Posted by | Android, Apps, Assistant, Chrome, Cloud, events, Google, Google I/O 2019, hardware, home | No Comments

Developer season has begun! Next week, Google will be putting on a big party at the pointy outdoor amphitheater in Mountain View. It’s shaping up to be a biggie, too, if this week’s Google earnings call was any indication. Sundar Pichai teased out a number of upcoming offerings from the company that we can expect to see on full display at the show.

From the looks of it, there’s going to be a LOT of news coming hot and heavy out of the South Bay, from new Android and Assistant features, to some rare hardware debuts. Here’s a quick rundown of what we’re expecting from the big show.

More Q

Quiche? Quindim? I had to look up the latter — it’s a “popular Brazilian baked dessert, made chiefly from sugar, egg yolks, and ground coconut” according to Wikipedia. Basically Brazilian custard.

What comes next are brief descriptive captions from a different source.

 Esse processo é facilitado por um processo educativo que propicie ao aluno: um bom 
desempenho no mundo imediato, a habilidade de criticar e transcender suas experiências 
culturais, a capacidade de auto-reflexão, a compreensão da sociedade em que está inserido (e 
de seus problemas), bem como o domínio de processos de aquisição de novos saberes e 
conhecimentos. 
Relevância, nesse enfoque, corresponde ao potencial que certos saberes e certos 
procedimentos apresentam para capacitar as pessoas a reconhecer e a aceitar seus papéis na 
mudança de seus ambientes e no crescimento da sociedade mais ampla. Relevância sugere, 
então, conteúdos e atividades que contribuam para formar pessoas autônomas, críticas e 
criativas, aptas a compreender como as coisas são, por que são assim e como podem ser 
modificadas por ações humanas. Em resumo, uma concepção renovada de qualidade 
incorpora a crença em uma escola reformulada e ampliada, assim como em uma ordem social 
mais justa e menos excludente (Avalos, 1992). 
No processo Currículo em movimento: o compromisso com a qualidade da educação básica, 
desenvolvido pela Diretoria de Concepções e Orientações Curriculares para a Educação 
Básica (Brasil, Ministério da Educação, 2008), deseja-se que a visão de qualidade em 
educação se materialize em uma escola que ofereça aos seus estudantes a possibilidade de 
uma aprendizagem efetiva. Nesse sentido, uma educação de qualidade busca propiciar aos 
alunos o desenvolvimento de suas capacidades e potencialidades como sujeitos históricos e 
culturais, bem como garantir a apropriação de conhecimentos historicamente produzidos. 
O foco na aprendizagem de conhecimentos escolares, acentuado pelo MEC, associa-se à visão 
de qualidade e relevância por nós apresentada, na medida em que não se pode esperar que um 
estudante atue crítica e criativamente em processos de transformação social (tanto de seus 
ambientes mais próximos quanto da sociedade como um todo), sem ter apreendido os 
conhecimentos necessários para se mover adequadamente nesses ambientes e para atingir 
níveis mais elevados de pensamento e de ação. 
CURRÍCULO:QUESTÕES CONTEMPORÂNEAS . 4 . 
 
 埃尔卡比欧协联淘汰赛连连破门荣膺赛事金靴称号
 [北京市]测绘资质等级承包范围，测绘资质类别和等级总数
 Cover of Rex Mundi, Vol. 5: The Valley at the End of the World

We’re probably not getting a name either way at the event, of course. We will, however, get our best look yet and Pie’s successor. As ever, the latest version of Android will take center stage at I/O. With an expected arrival date of this summer, we’ve already seen some key pieces of Android 10 courtesy of a couple of betas.

So far, the keys are improvements to privacy/permissions and multi-tasking through Bubbles. Expect a lot more here. Rumors include pressure-sensitive touch features and across the board dark mode.

Unfolding foldables

It’s admittedly been a tough couple of weeks for the ascendant form factor, thanks almost exclusively to malfunctioning Galaxy Fold units. On this week’s call, however, the company reiterated that it’s still bullish on the tech. And it kind of has to be. Google’s devoted a lot of mindshare to making Android more foldable friendly, in hopes of jumpstarting a stagnant smartphone industry.

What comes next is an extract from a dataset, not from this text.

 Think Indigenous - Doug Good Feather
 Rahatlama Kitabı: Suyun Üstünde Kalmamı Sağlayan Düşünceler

And while the Fold has been put on hiatus, we do expect a release date soon, along with Huawei’s Mate X and upcoming models from Motorola, Xiaomi, TCL and more. Expect to see the form factor positioned as the future of Android interaction.

The budget Pixel

Like other developer-focused shows, I/O isn’t really much of a consumer hardware event. That’s likely to change this year, however. In an earnings call this week, Sundar Pichai all but confirmed the long-rumored arrival of the Pixel 3a. Initially floated as the Pixel Lite, the budget take on the company’s flagship is designed to curb stagnate smartphone sales by offering some flagship features at a lower price point.

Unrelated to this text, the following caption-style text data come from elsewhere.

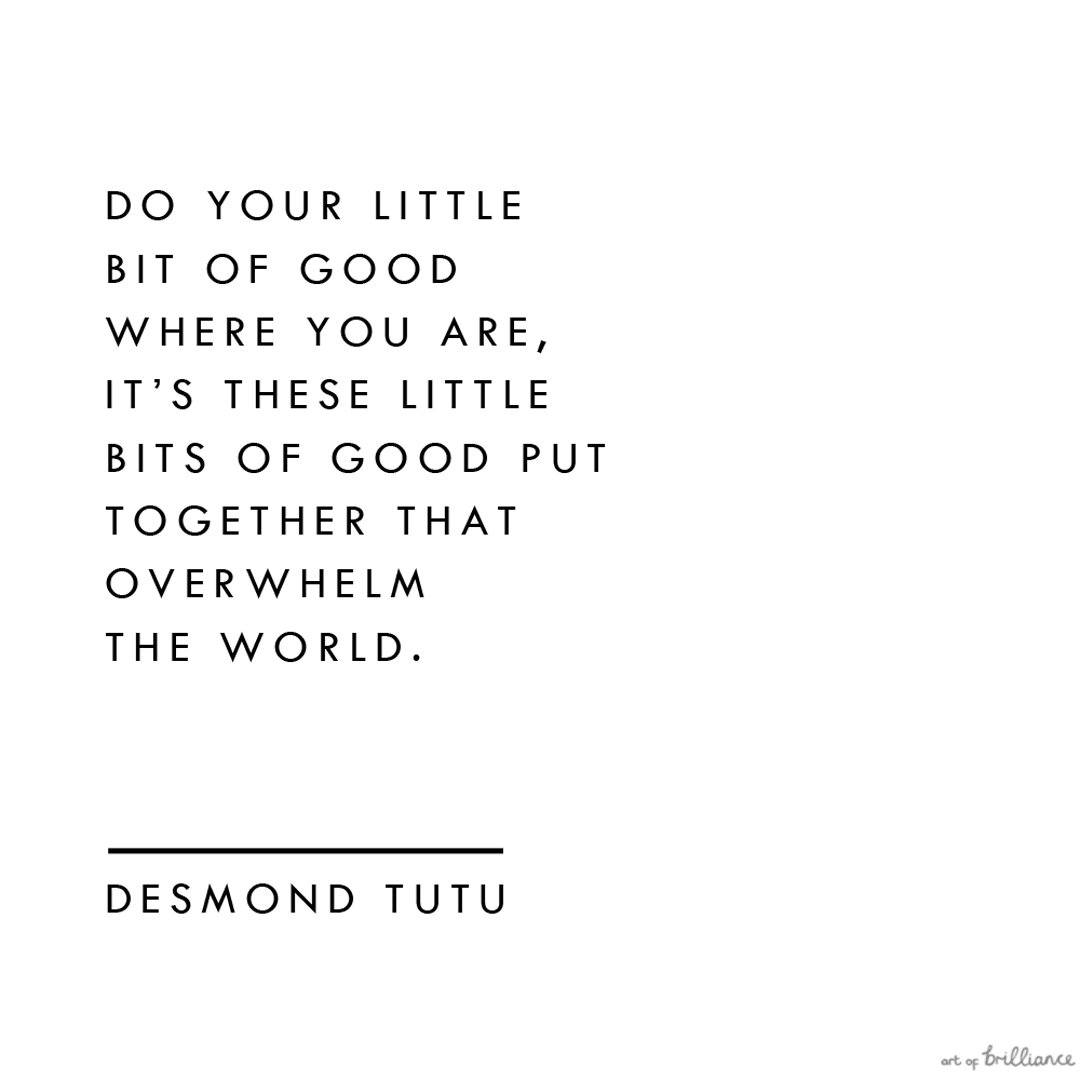 "You will not always be the smartest person in the room [...] But you can always be brave and you can always be kind, and these are the things you should be every minute [...] Because yes, those other things, they're great things. But these things are better." - unknown.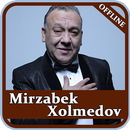 Mirzabek Xolmedov  qo'shiqlari APK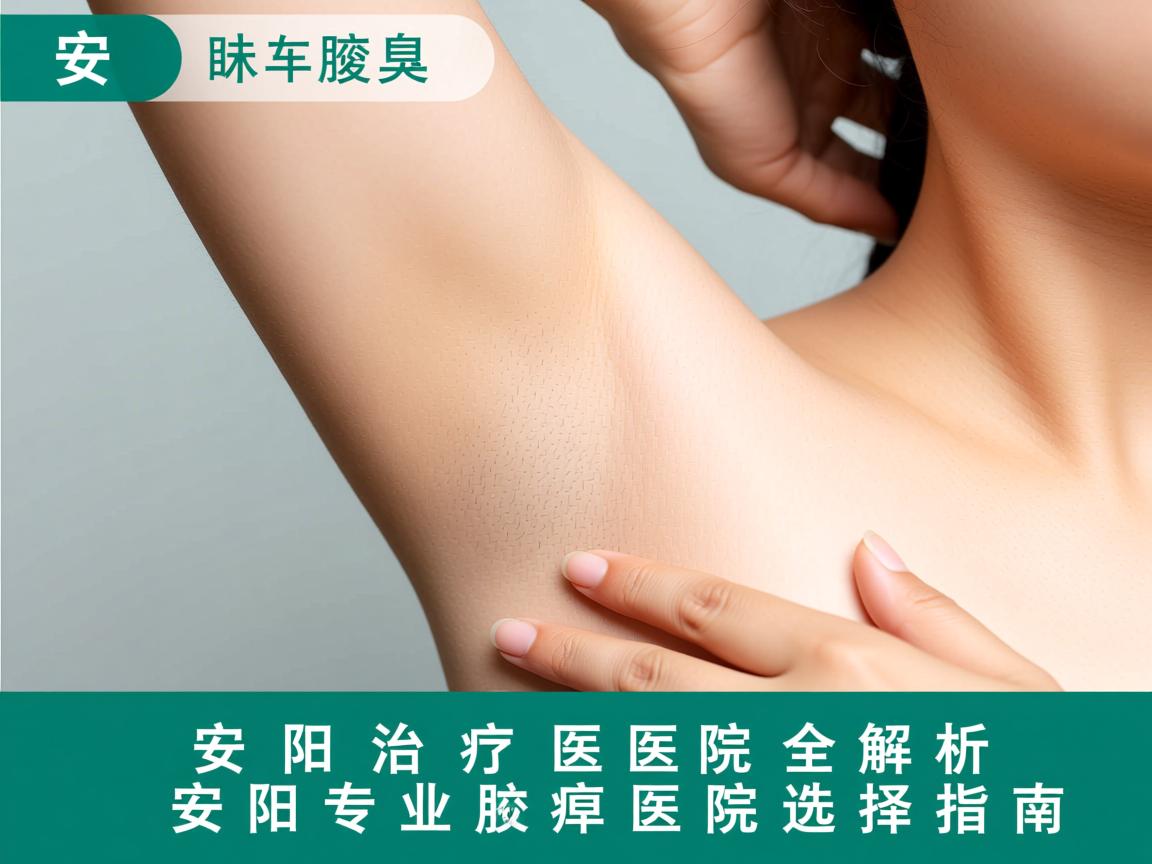 安阳治疗腋臭医院全解析，安阳专业腋臭医院选择指南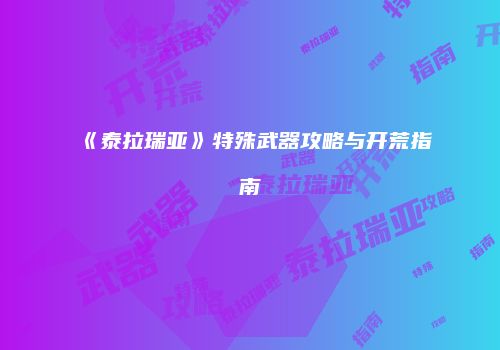 《泰拉瑞亚》特殊武器攻略与开荒指南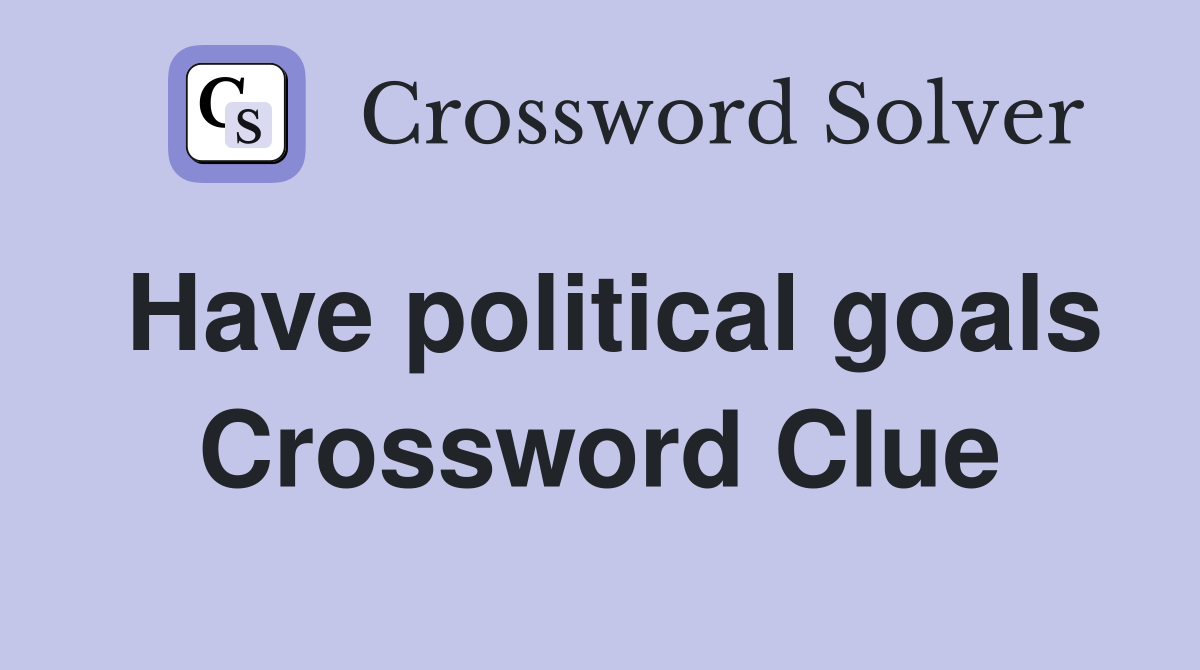 Have political goals Crossword Clue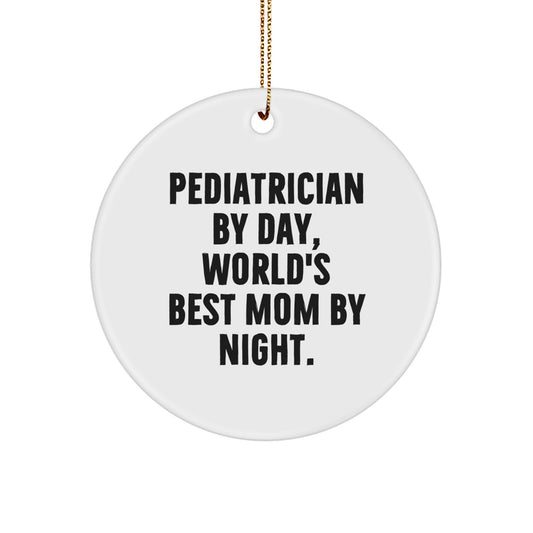 Funny Pediatrician Gifts by Men for Women, Unique Circle Ornament Christmas Unique Gifts from Family, Inspirational Quote for Pediatrician By Day, World's Best Mom By Night. - Image 1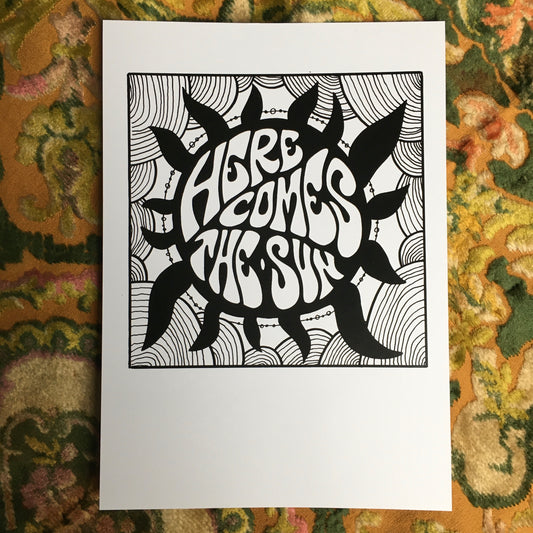 Here Comes The Sun A4 print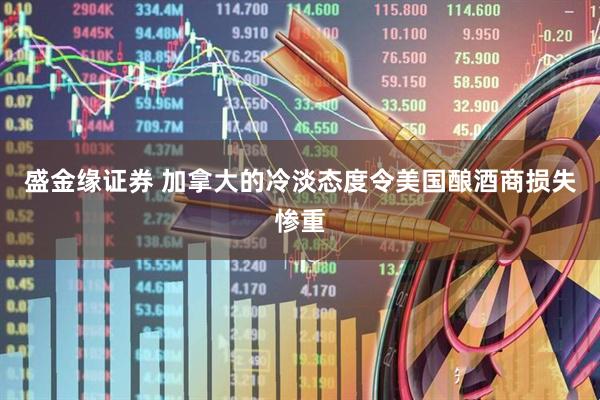 盛金缘证券 加拿大的冷淡态度令美国酿酒商损失惨重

Rumors so far have the product somewhere in the neighborhood of $500 and include, among other things, the return of the headphone jack — an acknowledgment that Bluetooth headphones are still cost prohibitive. Equally interesting, this would make a push to roughly a six-month release cycle for Pixel products, assuming the 4 arrives around an October time frame.

Google’s made it clear that the Pixel line is about more than just showing off the latest version of Android, and a massive investment in HTC’s hardware team that includes a new Taipei campus certainly demonstrates that it’s not screwing around here.

Gaming

Stadia had its moment at GDC back in March. The company is harnessing its live-streaming technology to finally help gamers realize the promise of going hardware agnostic. Stadia was far and away the buzziest announcement out of the gaming show, but Google held back a lot of details, only to have Apple reveal its own gaming strategy a couple of weeks later.

Pichai talked up the service during Alphabet’s earnings call, seemingly priming the pump for some stage time at I/O next week.

Smart Home

Google Hardware Event 2018

Growing its smartphone business has been a struggle, but Google’s been firing on all cylinders on the home front. Assistant is a stronger offering than Alexa, and hardware like the Home Mini and Hub have been selling briskly. We’ll undoubtedly see a lot more tricks out of Assistant this time around, including a bit of focus on AI and Machine Learning smarts.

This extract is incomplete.